Thomas Müller stand ratlos im Strafraum und trottete am traurigen Ende seines letzten Königsklassen-Abends im legendären San Siro mit versteinerter Miene zu den mitgereisten Fans. Die Champions-League-Karriere des 35-Jährigen im Trikot des FC Bayern München endete mit einem enttäuschenden 2:2 (0:0) bei Inter Mailand schon im Viertelfinale statt erst im «Finale dahoam».
«So emotional fühle ich das gerade gar nicht. Ich bin auch gar nicht so enttäuscht. Ich bewerte Spiele für mich selber: habe ich alles gegeben, kann ich in den Spiegel schauen? Hat die Mannschaft alles gegeben, können wir in den Spiegel schauen?», sagte Müller bei DAZN. «Man kann überall alles sezieren, am Ende habe ich Spieler auf dem Platz gesehen, die alles gegeben haben.»

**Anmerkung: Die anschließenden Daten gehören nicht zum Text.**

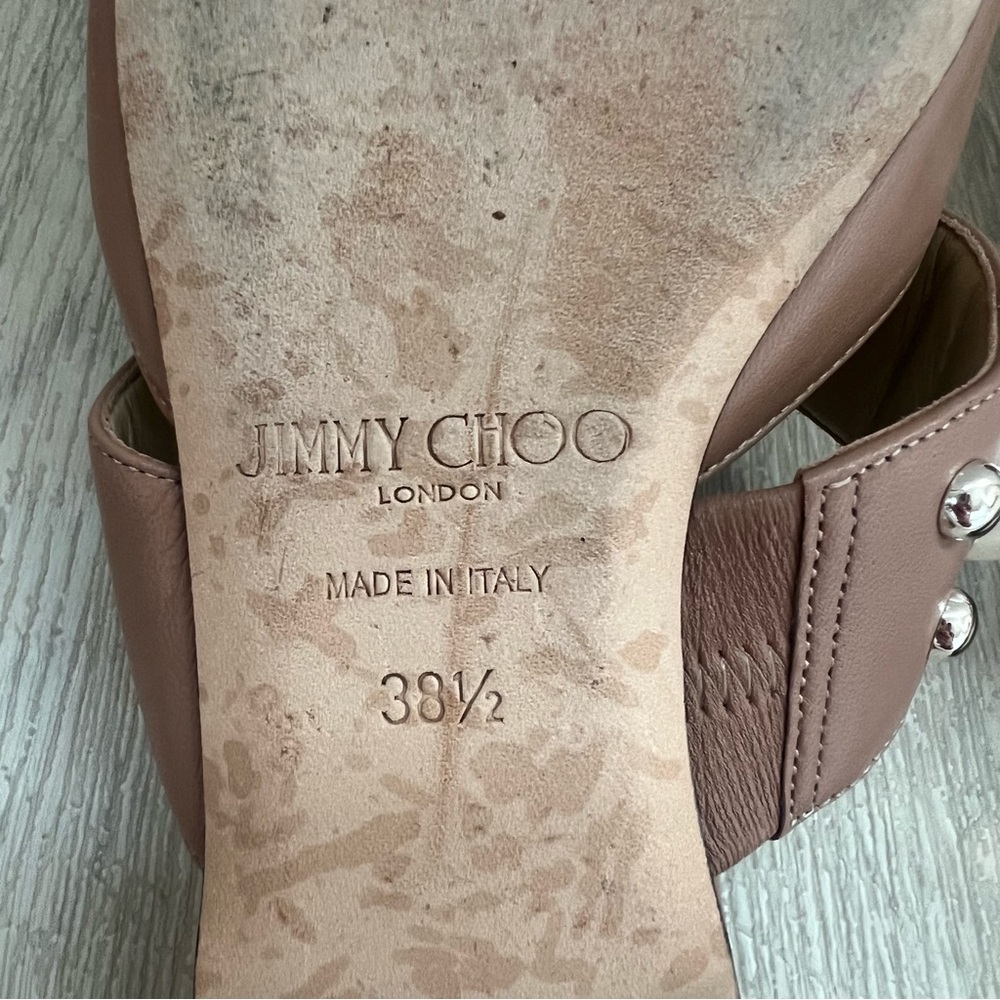 Jimmy Choo Blush Pink Pearl-Embellished Pointed Toe Flats - Picture 13 of 13
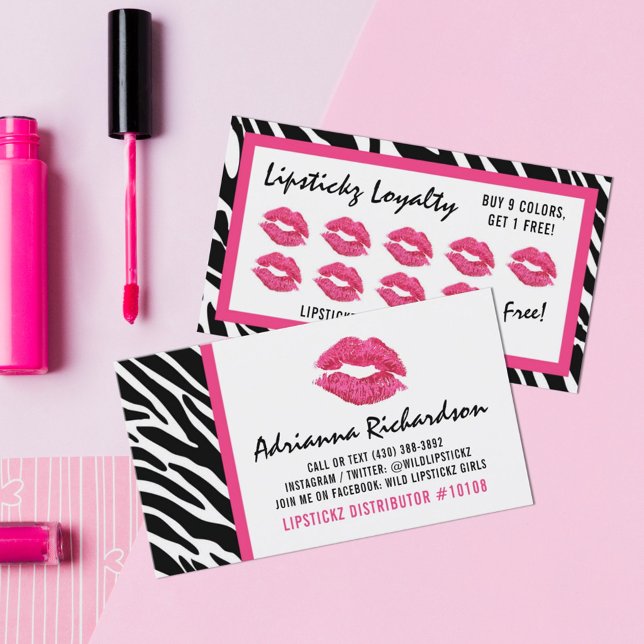 Lipstick-Distributor Zebra Kiss Lips Loyalty Punch Treuekarte (Von Creator hochgeladen)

Nach dem Tor von Harry Kane (52. Minute) sah es kurz so aus, als ob der deutsche Fußball-Rekordmeister die 1:2-Niederlage aus dem Hinspiel wettmachen könnte. Inter-Kapitän Lautaro Martinez (58.) und der ehemalige Münchner Benjamin Pavard (61.) schlugen jedoch nach zwei Eckbällen gnadenlos zurück. Der erste Königsklassen-Treffer von Eric Dier (76.) änderte nichts mehr. Statt der Bayern trifft nun der italienische Meister im Halbfinale auf den FC Barcelona mit dem ehemaligen Bundestrainer Hansi Flick.